> Given material
◆ ◆ ◆

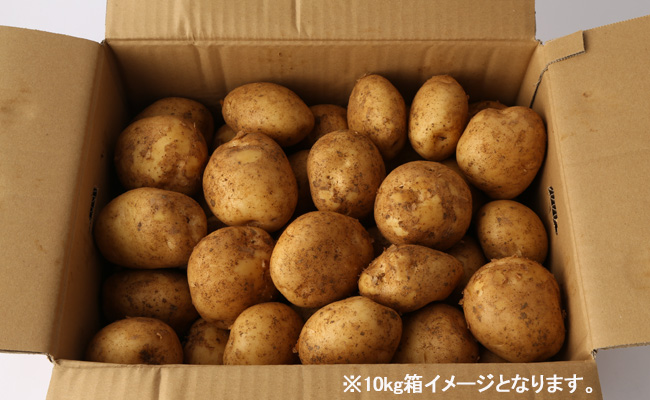徳之島 天城町産 赤土ばれいしょ 新じゃが 春一番 10kg L～2L 混合サイズ ジャガイモ じゃがいも バレイショ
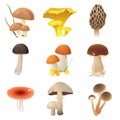 Edible mushrooms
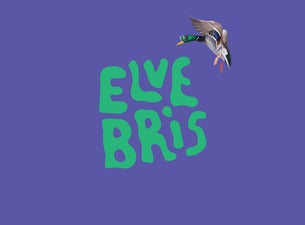 Fredagspass – Elvebris 2022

◆ ◆ ◆

> Required work
Repeat the material exactly, without images.

> Task response
徳之島 天城町産 赤土ばれいしょ 新じゃが 春一番 10kg L～2L 混合サイズ ジャガイモ じゃがいも バレイショ
 Edible mushrooms
 Fredagspass – Elvebris 2022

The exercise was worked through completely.